=== Data provided ===
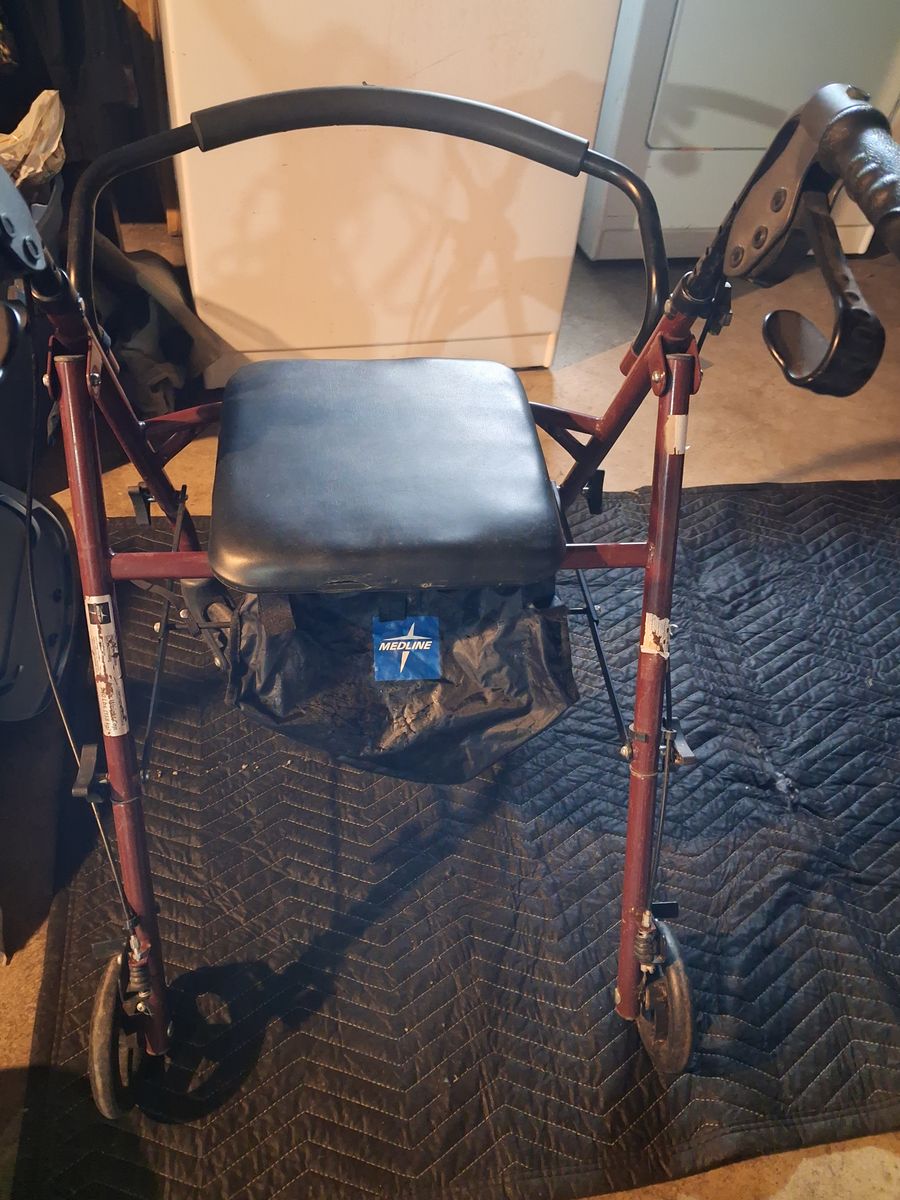 mobility walker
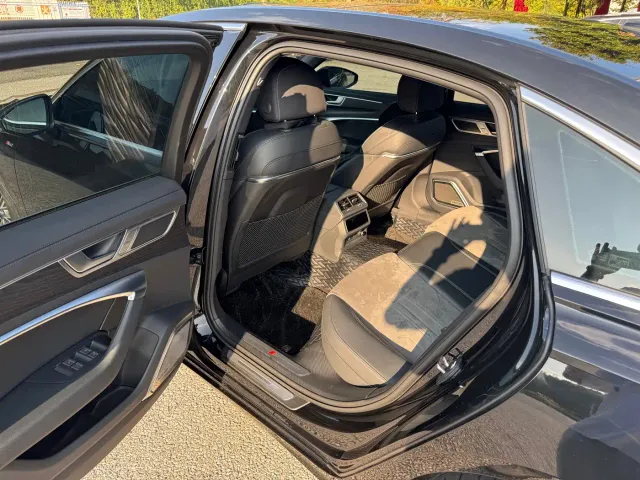 Audi A6L — Фото автомобиля 9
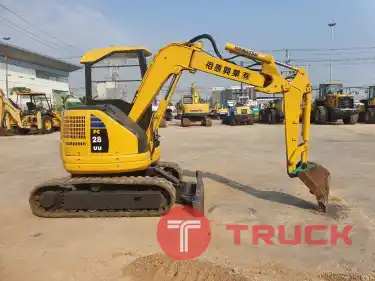 Komatsu PC28UU-2 นำเข้าจากญี่ปุ่น สภาพพร้อมใช้งาน โทร 089-0080077,089-0050007,086-0044333,065-8844400 www.sangenjp.com www.nmc99.com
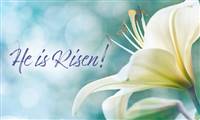 He is Risen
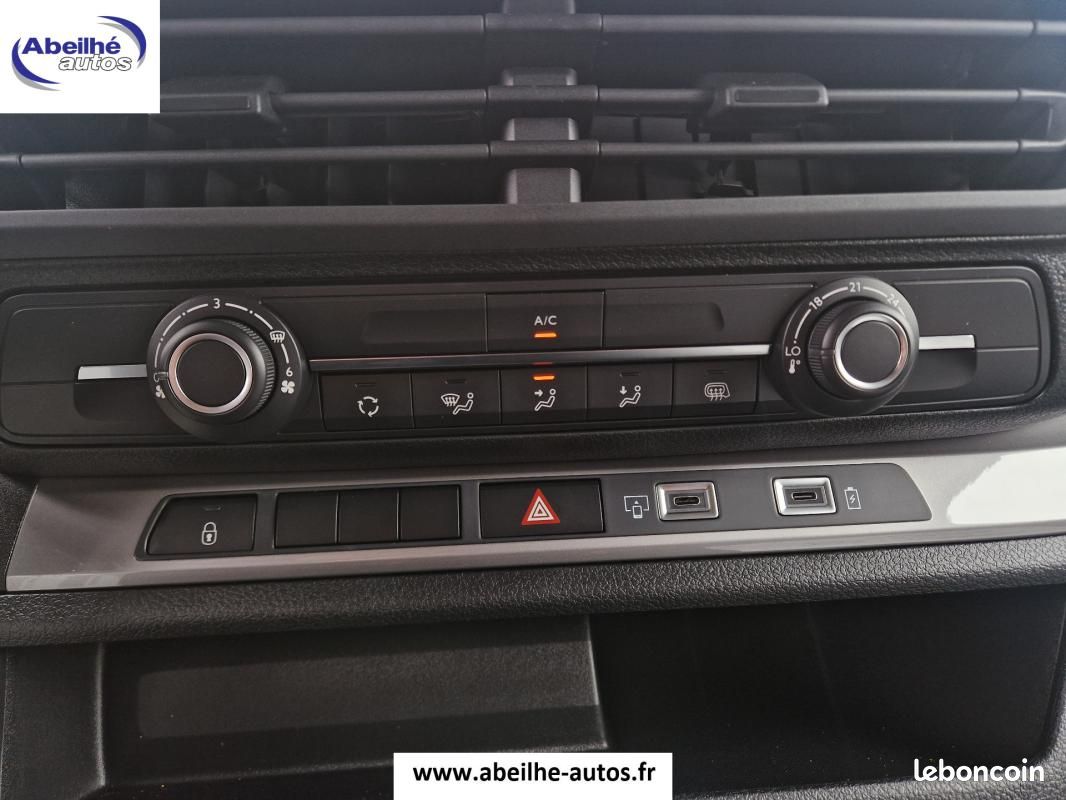 Citroën Jumpy CABINE APPROFONDIE XL EAT8 2.0 BLUEHDI 180 PACK CONNECTIVITE+CAMERA 5PL (image 15)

=== Assignment ===
Beginning at the line that contains "Komatsu PC28UU-2 นำเข้าจากญี่ปุ่น", give the remaining lines of the records again exactly, through the last one. Leave out pictures.

=== Solution to this exercise ===
 Komatsu PC28UU-2 นำเข้าจากญี่ปุ่น สภาพพร้อมใช้งาน โทร 089-0080077,089-0050007,086-0044333,065-8844400 www.sangenjp.com www.nmc99.com
 He is Risen
 Citroën Jumpy CABINE APPROFONDIE XL EAT8 2.0 BLUEHDI 180 PACK CONNECTIVITE+CAMERA 5PL (image 15)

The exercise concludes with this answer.